Wilde was assisted by BSE’s play-by-play team of Dave Blezard and “Bloodthirsty” Bob Kapur, who is also a SLAM! Wrestling writer, as they explained the science behind an effective promo.

Special guest Madison Rayne of The Beautiful People also appeared, posing for pictures and signing autographs.

SLAM! Wrestling staffer and participant Andy McNamara summed up his thoughts on the camp: “What a great experience from a writer’s perspective to actually step into the ring and get a small taste of what it’s like to train,” he said. “Shantelle did an amazing job as trainer and added so much value to the session.”

“I didn’t know what to expect early, but Taylor Wilde is really cool,” added 16-year-old Pickering student Ulises Minor-Vazquez. “I didn’t really watch her much, but I think I’m going to now. [Creating a promo] was hard at the beginning, but once you found what you were going to do, it became easier.”

“At first walking into the Squared Circle Training was intimidating enough seeing all the people there who seem comfortable and know what they’re doing,” said first-timer Sarah Farrer, 29. “Standing on the ring for the first time is like, ‘Wow!’ But as soon as Taylor started talking I calmed right down.

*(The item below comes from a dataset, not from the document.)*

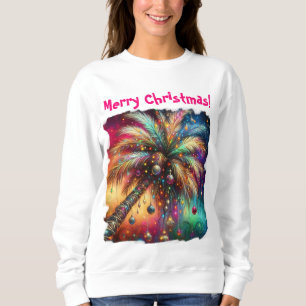 Whimsical Christmas Palm Tree Tropical Beach Vivid Sweatshirt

She acknowledged that everyone was at different levels and that we would take it at everyone’s comfort zone, which was relieving. Plus her great teaching ability, supportive comments and character made the rest of the day one of the most amazing experiences I’ve ever had.

“I really enjoyed the in-ring experience a lot, the character development part was interesting and informative and the bonus of getting to watch some students perform topped it off,” Farrer concluded.

Wilde demonstrates a move. Photo by Kenai Andrews.

The students ranged in experience and age, and included Titus Smith and Shayna Szumach, a pair of seasoned students who drove from Rochester, New York to attend.

Wilde offered some additional nuggets for any other wide-eyed wrestling enthusiasts.

“You need to protect yourself and your opponent,” she said. “It’s a dangerous industry and if you want to be in it for a long time, you need to keep those skills sharp so you can protect yourself and your partner, or multiple partners in my case.”